Table 1 Description of the Sample (n=30 Providers)

Measures

Semi-structured interviews were conducted to capture the experiences, opinions and concerns of the providers participating in MTCs, especially concerning their external factors, attitudes and goals concerning MTCpp. In general, the interview guideline included the topics of MTC organization, interaction and decision-making. Furthermore, providers were asked for the differences they expected or experienced between MTCs with and without patient participation in order to capture expected and experienced feasibility of MTCpp at the same time. Further details of the interview guideline have been reported in the study protocol.⁴¹

Data Analysis

The audiotaped interviews were transcribed verbatim, pseudonymized, entered into the software program MAXQDA and analyzed by two independent researchers (CH, AD) from different disciplines (sociology, psychology) in accordance with the well-established methods of content analysis^46,47 in order to increase inter-rater reliability. First, inductively identified codes were modified by deductively derived codes from previous international research on MTCpp.^37,48–50 These codes were used as a coding system for the whole material. Next, categories were inductively developed throughout the material, modified by derived categories from the above-mentioned Feldman-Stewart conceptual framework and compiled by CH and AD. Last, the entire material was coded using the differentiated coding system.

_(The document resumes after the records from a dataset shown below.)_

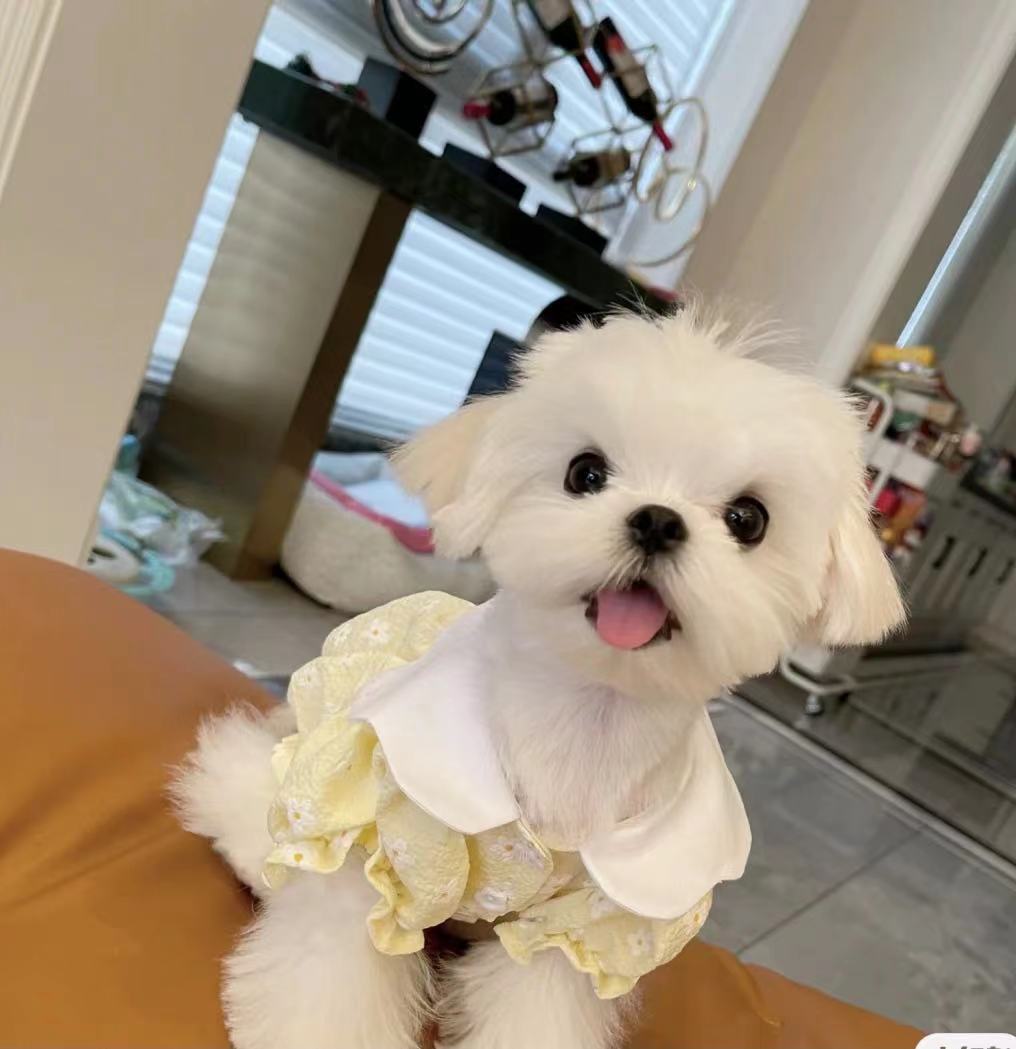 马尔济斯犬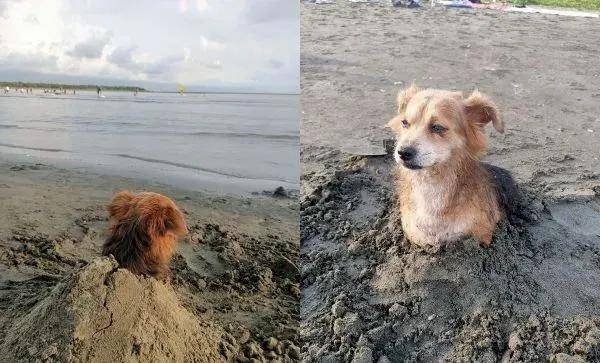 狗狗被埋沙里表情超有戏露狗头心死望远方
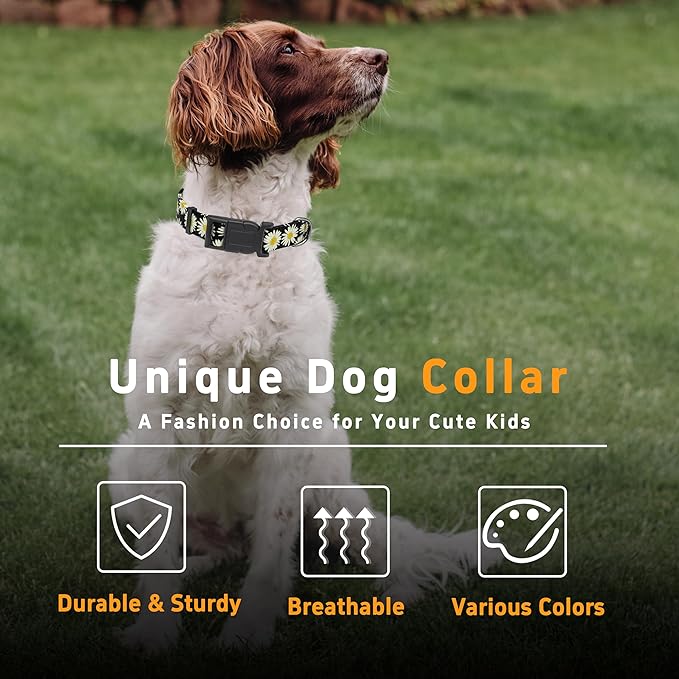Dog Collar, Daisy Boys Girls Puppy Collar for Small Medium Large Dogs, Adjustable Soft Floral Pet Collar with Safety Buckle for Male Females(Black Daisy,XS)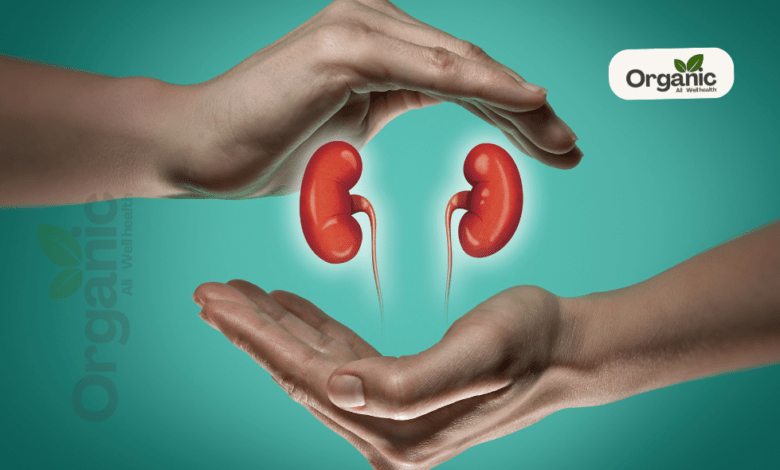 Signs of Poor Kidney Health Well health Organic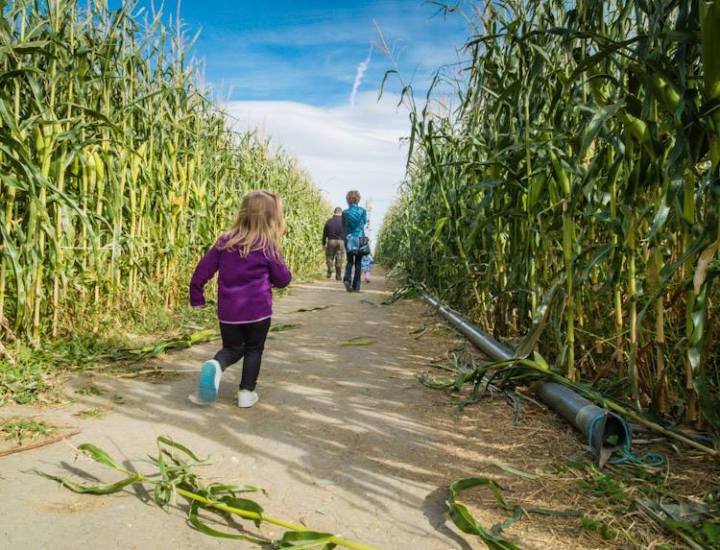 best corn mazes nevada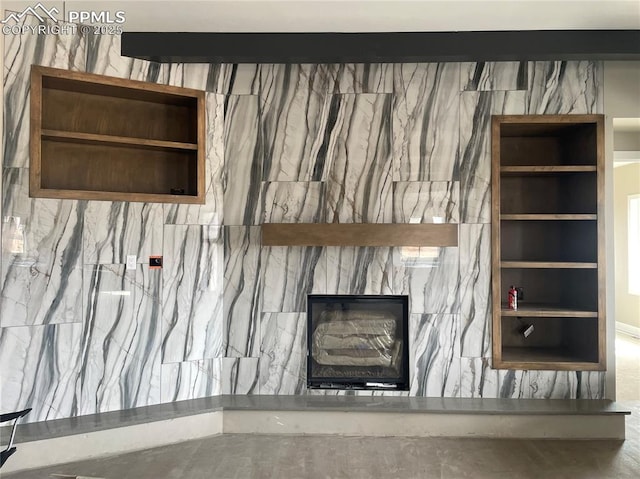 details with a fireplace and built in shelves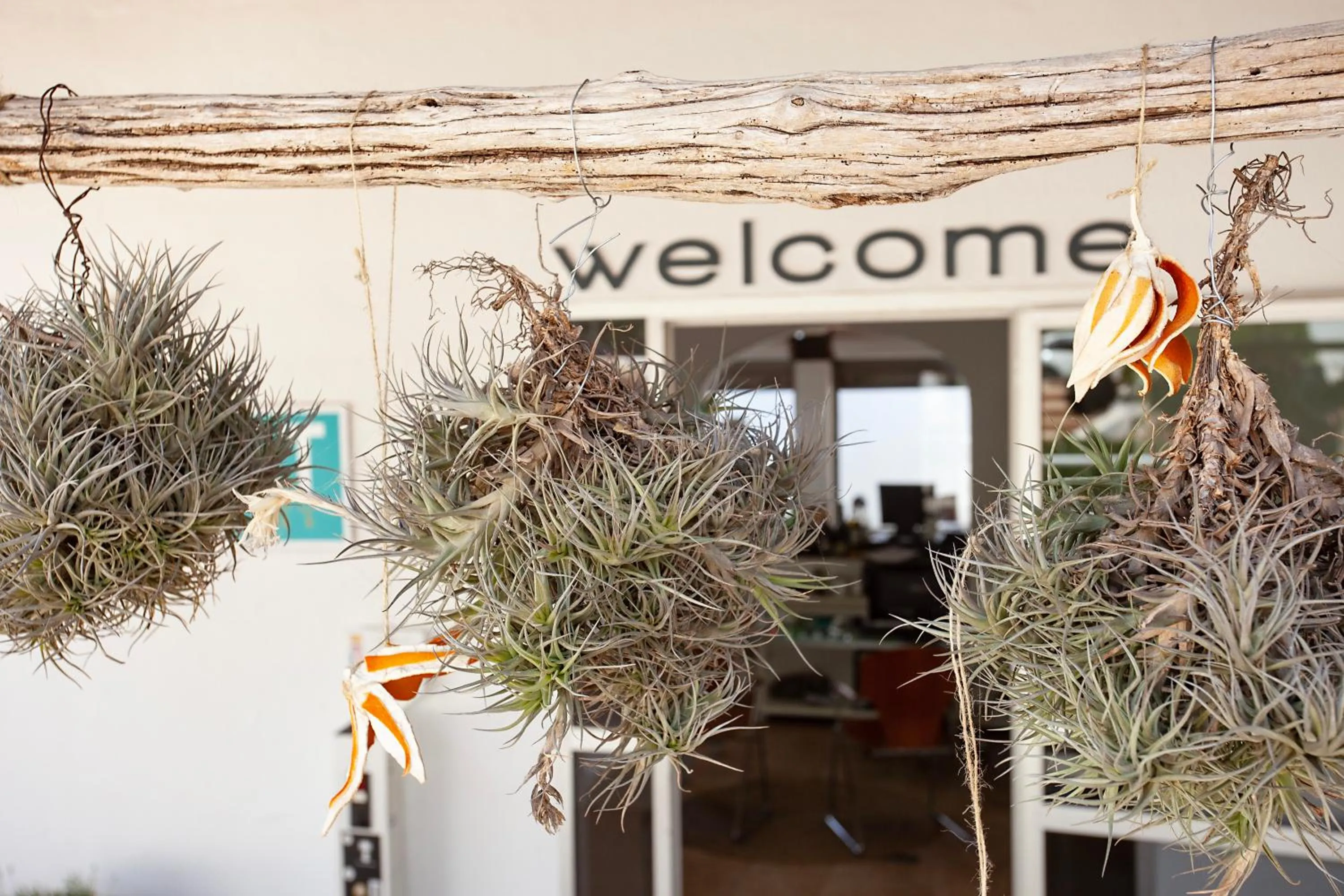 Lobby or reception in BJ Apartamentos Europa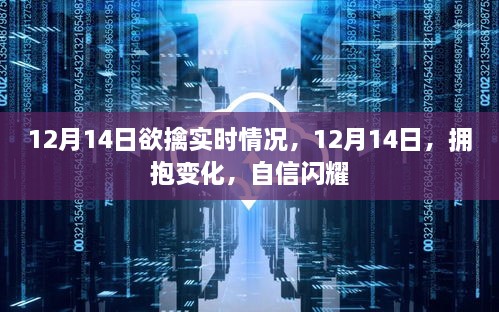 12月14日拥抱变化，实时情况与自信闪耀的瞬间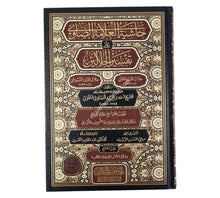 حاشية الصاوي على تفسير الجلالين-تحقيق الكتاب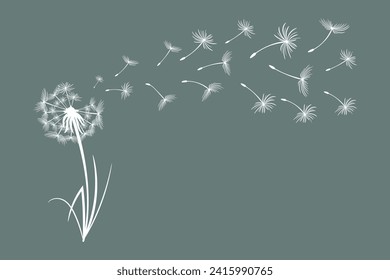 Dandelion with flying fluffy seeds. Sketch, black and white illustration, vector
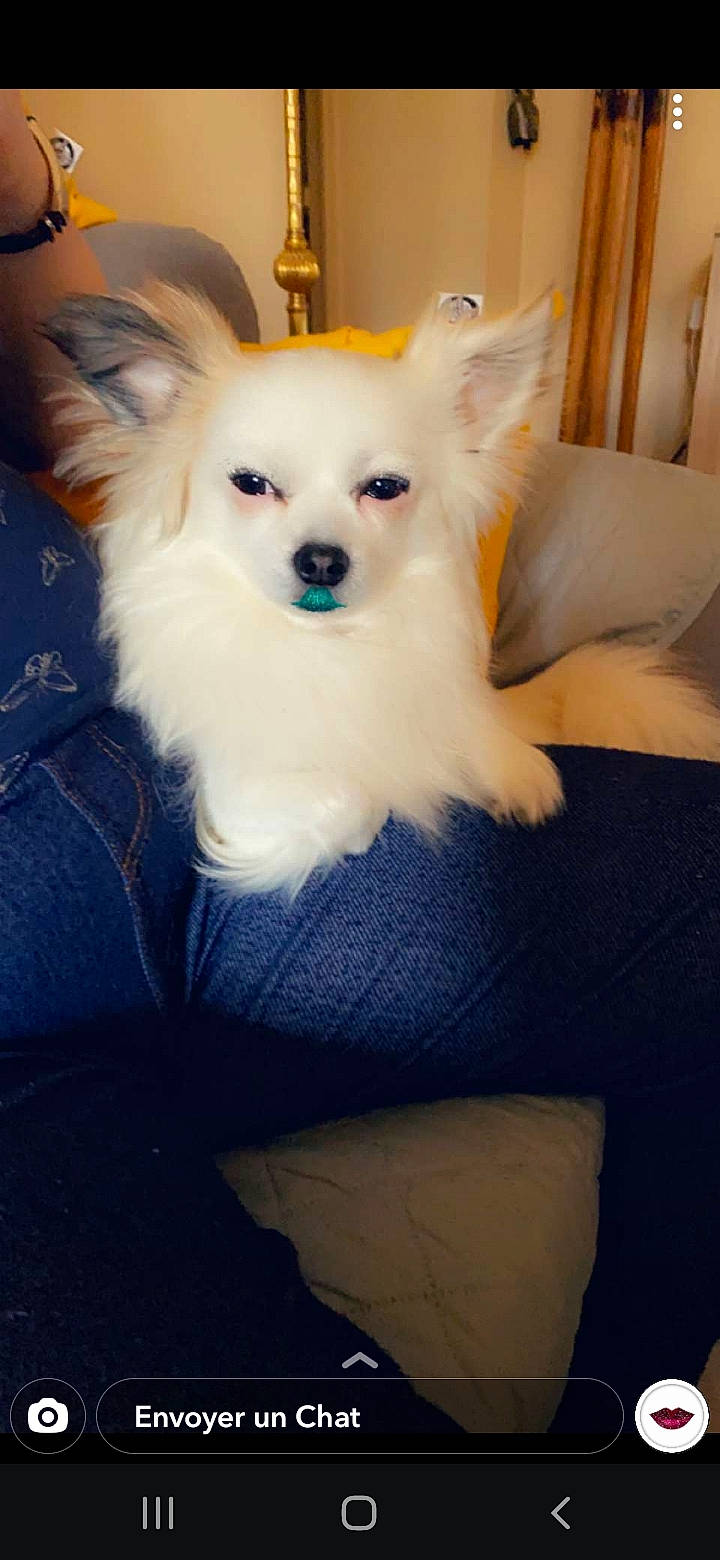 Blanco participe au concours pour gagner de l'argent avec cette photo : canidae, carnivore, comfort, companion_dog, corgi_chihuahua, dog, dog_breed, dog_supply, ear, eye, fawn, fur, head, non_sporting_group, snout, sporting_group, tail, toy_dog, whiskers, working_animal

Subsequently, the analysis was interpreted and consented within the research team (CH, AD, BS, NE, LA) and the findings were discussed in a group consisting of 8 former interview participants with and without MTCpp experiences and the research team.

Results

Sample

The sample consisted of n=19 women and n=11 men from different professional disciplines (Table 1). One-half of the providers (n=16) had experience with MTCpp (see experienced feasibility), whereas the other half of the providers (n=14) had no experience (see expected feasibility). There was a wide range of ages (25–61 years) and work experience (<1–38 years).

Expected Feasibility of MTC Patient Participation

The coding of the n=14 provider interviews without experience in MTCpp revealed the following possible barriers: greater time requirements and organizational effort, interference with discussion and with the use of medical terminology, lack of own communication skills, lack of patient comprehension of clinical information, emotional reactions of patients and data protection issues. As potential benefits, these providers expected patients’ increased involvement in the MTC decision-making process, patients’ better understanding of their own clinical data and competitive advantages for the cancer center. There was a uniform opinion concerning possible barriers and benefits across all three cancer centers without MTCpp. No major differences between the medical and non-medical professions or hierarchical levels could be observed, even if Breast Care Nurses (BCN) were slightly more open for the idea of MTCpp.

Experienced Feasibility of MTC Patient Participation

The coding of the n=16 providers with experience in MTCpp revealed greater time requirements and organizational effort for some providers, interference with discussion and with the use of medical terminology, lack of patient comprehension as well as emotional reactions of patients during the MTC as negative experiences. Patients’ emotional reactions were often addressed directly after the MTC since many providers reported that a BCN or a familiar doctor accompanies patients before and after the MTC. The argument of increased time requirements and organizational effort was not relevant for all MTCpp experienced providers compared to non-experienced providers because only 1–2 patients participate per MTC weekly. The argument of interference with discussion varied among the providers since some reported not adjusting their use of medical terminology in the presence of patients. As positive experiences, providers reported a more effective decision-making process since the goal of the treatment can be defined immediately together with the patients. Furthermore, faster appointments with specialists, a more patient-oriented communication climate and more patient-centered decisions because patients’ preferences are included earlier in the treatment process were mentioned. To ensure the success of MTCpp, the providers suggested a small setting and the preselection of informed and interested patients. Overall, there were no major differences between the different professions’ opinions. Characteristic quotes of the providers with and without MTCpp experiences are presented in Table 2.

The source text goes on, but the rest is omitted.